Your instructions: The material below includes pictures; leave them out and return only the lines between the line containing "A La LeÑa' Auténtica Pizza Italiana food" and the line containing "Vliestasche Textile mit langen Henkeln, gelb", inclusive, word for word.

Extracted records:
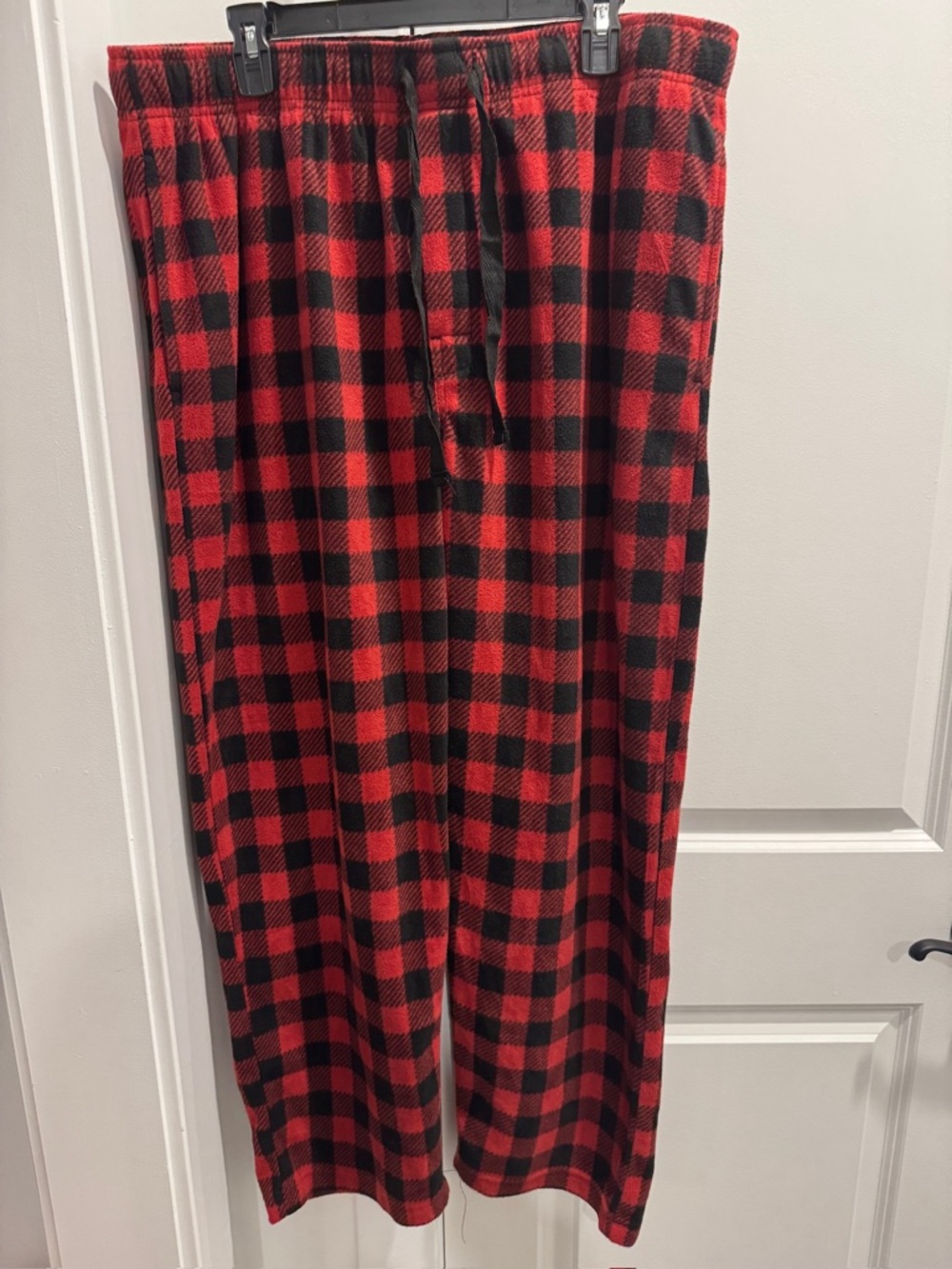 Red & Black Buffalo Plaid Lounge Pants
* * *
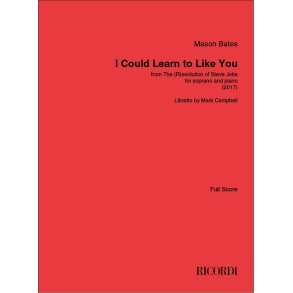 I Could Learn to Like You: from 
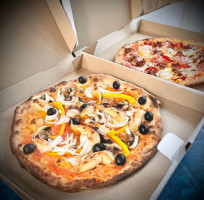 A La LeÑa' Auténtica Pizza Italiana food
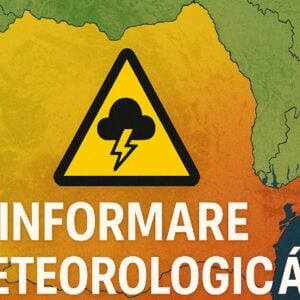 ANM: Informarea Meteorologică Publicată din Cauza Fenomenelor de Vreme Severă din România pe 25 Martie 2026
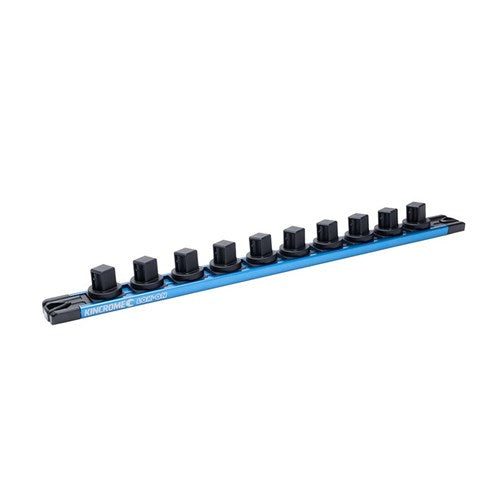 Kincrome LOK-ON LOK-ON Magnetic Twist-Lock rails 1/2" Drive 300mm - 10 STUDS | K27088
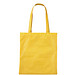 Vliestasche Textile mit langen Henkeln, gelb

Exercise solution:
 A La LeÑa' Auténtica Pizza Italiana food
 ANM: Informarea Meteorologică Publicată din Cauza Fenomenelor de Vreme Severă din România pe 25 Martie 2026
 Kincrome LOK-ON LOK-ON Magnetic Twist-Lock rails 1/2" Drive 300mm - 10 STUDS | K27088
 Vliestasche Textile mit langen Henkeln, gelb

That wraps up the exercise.